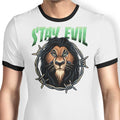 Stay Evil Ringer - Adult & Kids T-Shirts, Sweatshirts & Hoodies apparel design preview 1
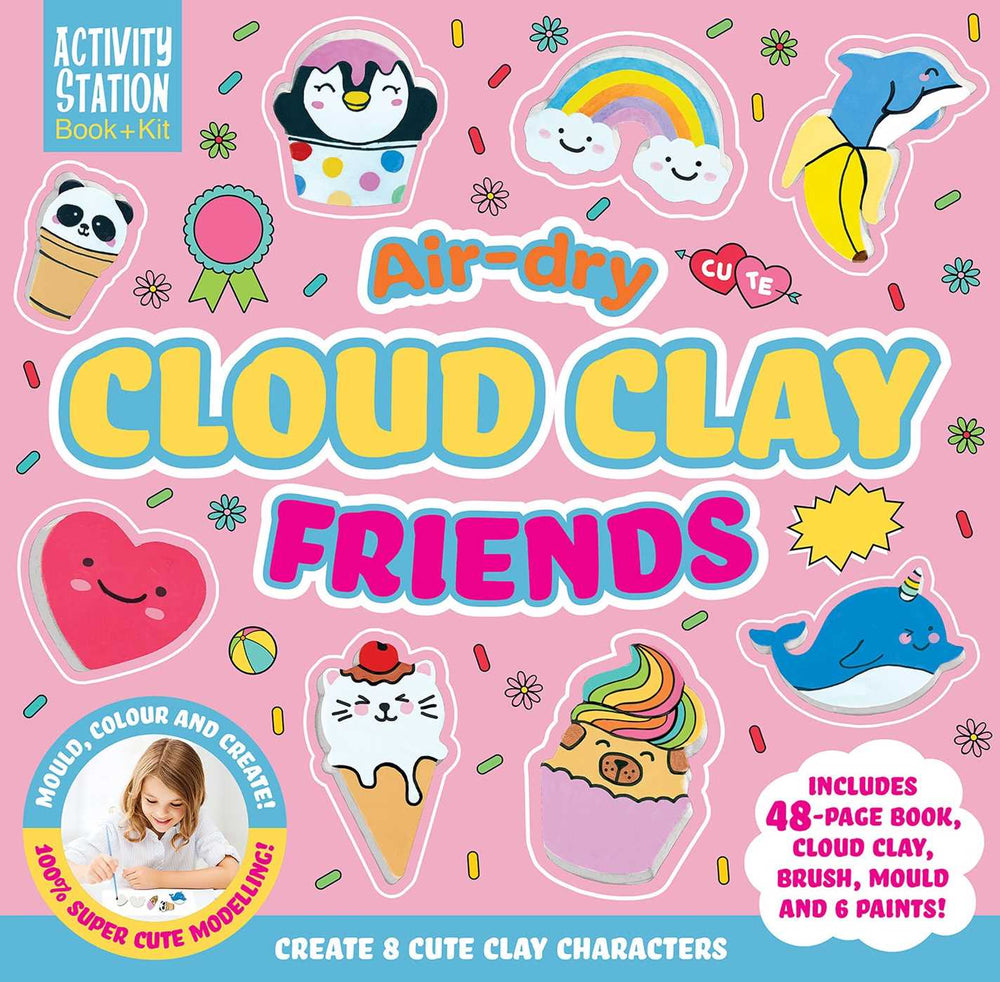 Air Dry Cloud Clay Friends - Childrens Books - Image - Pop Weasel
+ + + + +
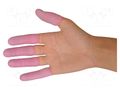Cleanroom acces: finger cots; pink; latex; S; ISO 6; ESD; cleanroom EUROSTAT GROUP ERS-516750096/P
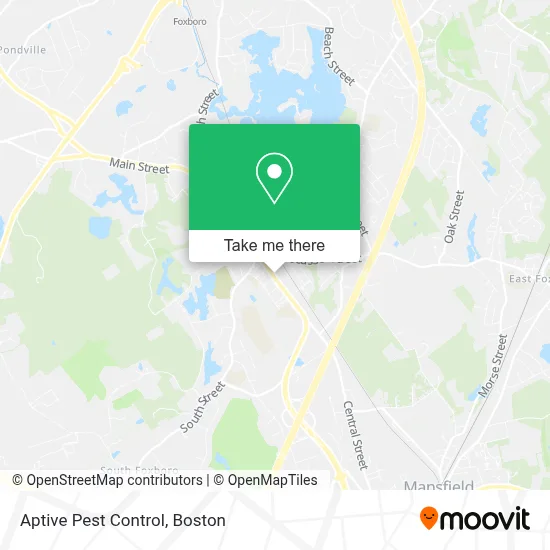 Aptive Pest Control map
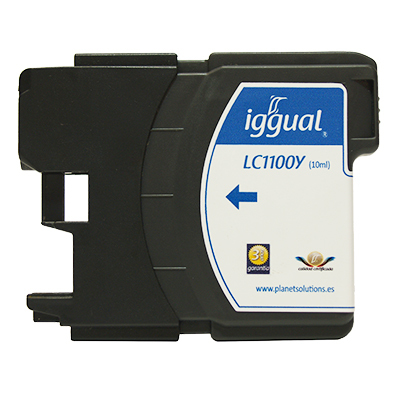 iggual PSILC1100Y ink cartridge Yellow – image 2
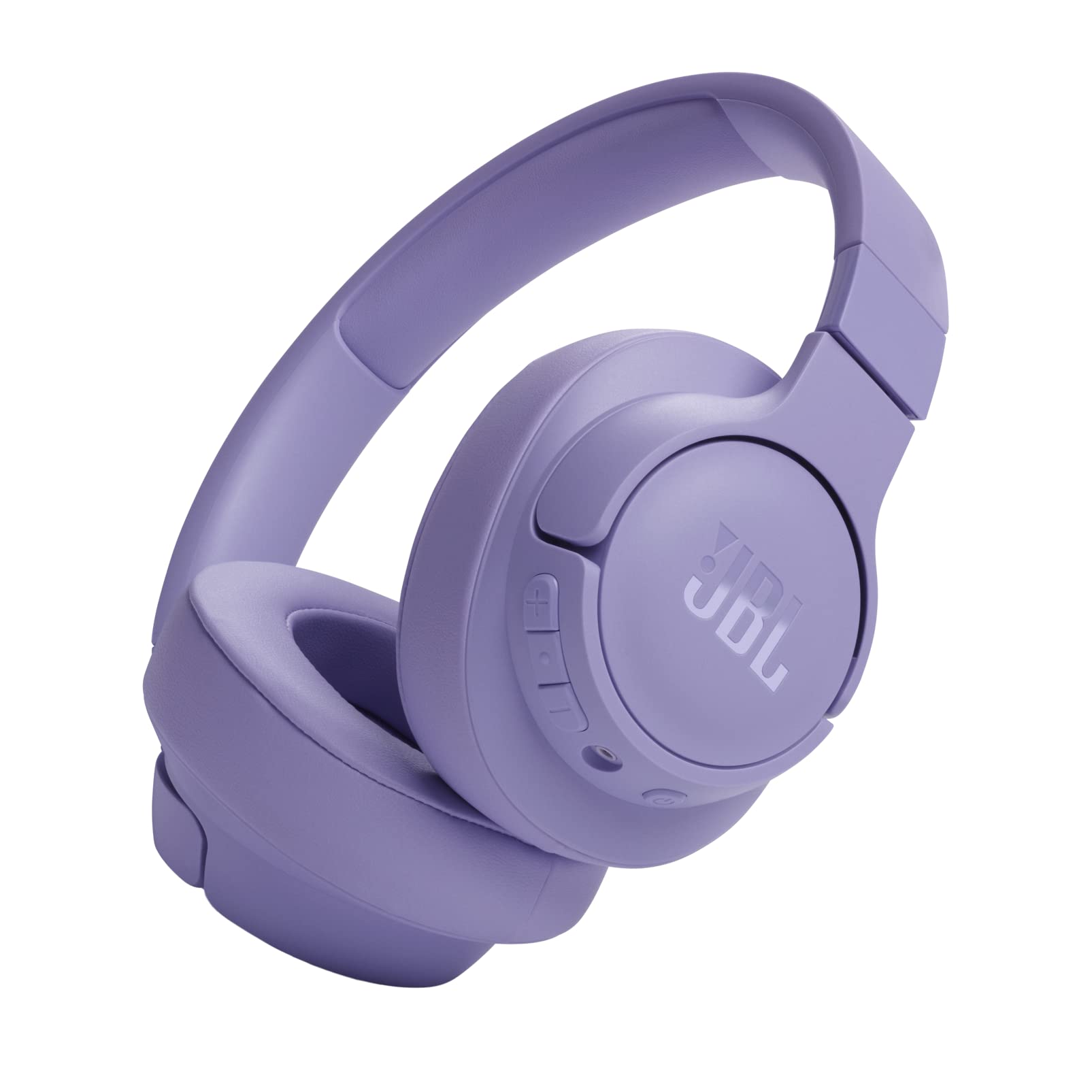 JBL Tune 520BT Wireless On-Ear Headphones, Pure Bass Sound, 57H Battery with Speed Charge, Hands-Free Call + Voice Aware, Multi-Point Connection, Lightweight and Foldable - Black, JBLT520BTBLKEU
+ + + + +
Above are some records; quote exactly and only the lines that begin at the line containing "Cleanroom acces: finger" and stop after the line containing "JBL Tune 520BT", leaving out the pictures.

Cleanroom acces: finger cots; pink; latex; S; ISO 6; ESD; cleanroom EUROSTAT GROUP ERS-516750096/P
 Aptive Pest Control map
 iggual PSILC1100Y ink cartridge Yellow – image 2
 JBL Tune 520BT Wireless On-Ear Headphones, Pure Bass Sound, 57H Battery with Speed Charge, Hands-Free Call + Voice Aware, Multi-Point Connection, Lightweight and Foldable - Black, JBLT520BTBLKEU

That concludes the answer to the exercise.